We now know that equal access to public services is vital to the common good. And access can only be equal if it is free.
This is a vision rooted in celebration and defense of a very old notion: the commons. Or, if you prefer, sharing. And the people here are “those of us at the base of the pyramid,” the mass of people, who collaborate and share — celebrate, build, and defend — what is common.
This burden is one that we all shoulder, each and every one of us, whether we are students or not: this is one lesson our strike has taught us. For we, students, are also renters and employees; we are international students, pushed aside by discriminating public services. We come from many backgrounds, and, until the colour of our skin goes as unnoticed as our eye colour, we will keep on facing everyday racism, contempt and ignorance. We are women, and if we are feminists it is because we face daily sexism and roadblocks set for us by the patriarchal system; we constantly fight deep-rooted prejudice. We are gay, straight, bisexual, and proud to be. We have never been a separate level of society. Our strike is not directed against the people.
We are the people.
This is an inspired and inspiring document. It’s not terribly long and worth reading in full: HERE. So much more robust in its social vision than anything I’ve seen emerge from the Occupy movement, whose residual (if not outright dominant) liberalism mires its participants in the New Deal and Great Society nostalgia of their parents and grandparents. By contrast, the CLASSE Manifesto moves to name an enemy. A profound adversary which the liberal tradition is in fact predicated on protecting, not fighting. This enemy assails the public good and privatizes the commons: commodification.
This is the meaning of our vision, and the essence of our strike: it is a shared, collective action whose scope lies well beyond student interests. We are daring to call for a different world, one far removed from the blind submission our present commodity-based system requires. Individuals, nature, our public services, these are being seen as commodities: the same tiny elite is busy selling everything that belongs to us. And yet we know that public services are not useless expenditures, nor are they consumer goods.
Together we have realized that our underground wealth cannot be measured in tons of metal, and that a woman’s body is not a selling point. In the same way, education cannot be sold; it ought to be provided to each and every one of us, without regard to our immigration status or our condition. Our aim is for an educational system that is for us, that we will share together.

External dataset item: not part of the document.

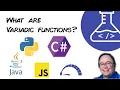 What are Variadic Functions
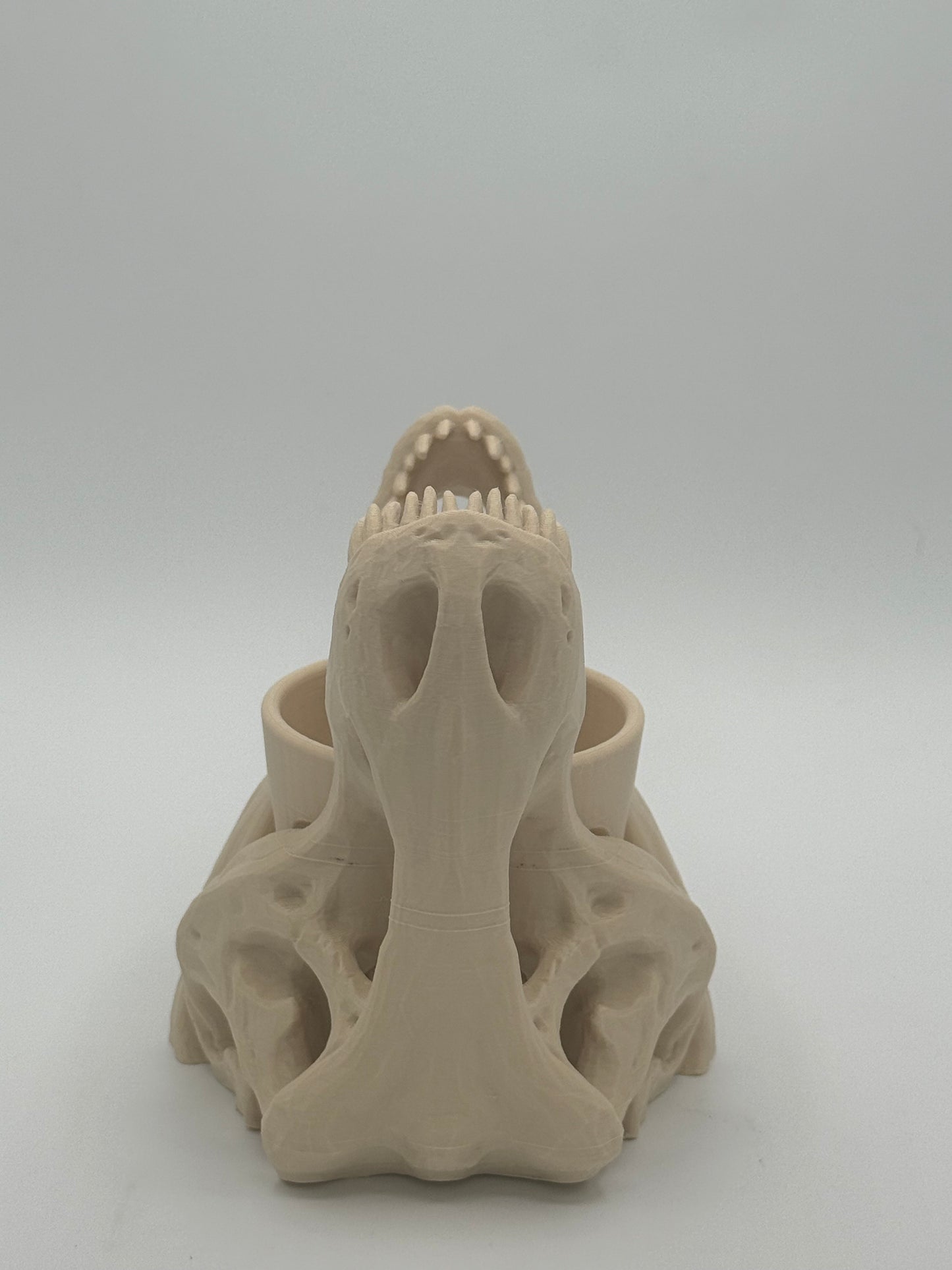 T. Rex Skull Storage Cup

There’s much more to think about and say here, particularly about how the version of grassroots syndicalism and direct democracy avowed here can (or cannot) be put to use in defense of Quebec’s existing public services, which by nature are in fact highly bureaucratic, top-down institutions embedded within a larger government apparatus. How much can community assemblies and student syndicalism do to defend public services in the context of an ongoing global economic crisis with no end in sight? But with the traditional heart of social democratic politics — trade unions — increasingly hollowed of principle and fighting spirit, the politics of CLASSE forge a way forward.
In his most recent book The Rebirth of History; Times of Riots and Uprisings, the French philosopher Alain Badiou effectively describes the relation CLASSE takes to the state: “You decide what the state must do and find the means of forcing it to, while always keeping your distance from the state and without ever submitting your convictions to its authority.” CLASSE, which has roughly 80 000 student members, maintains a strict distance from all political parties, though it doesn’t go so far as Badiou, who counsels against voting itself. And unlike the Occupy movement, the Quebec student movement has brilliant, charismatic leaders, individual faces like the dashing 21-year-old history student Gabriel Nadeau-Dubois (pictured) who’s currently on tour. Imagine if the Occupy movement — instead of a phobia of structure — had leaders like this (and organizations, like CLASSE, with press secretaries).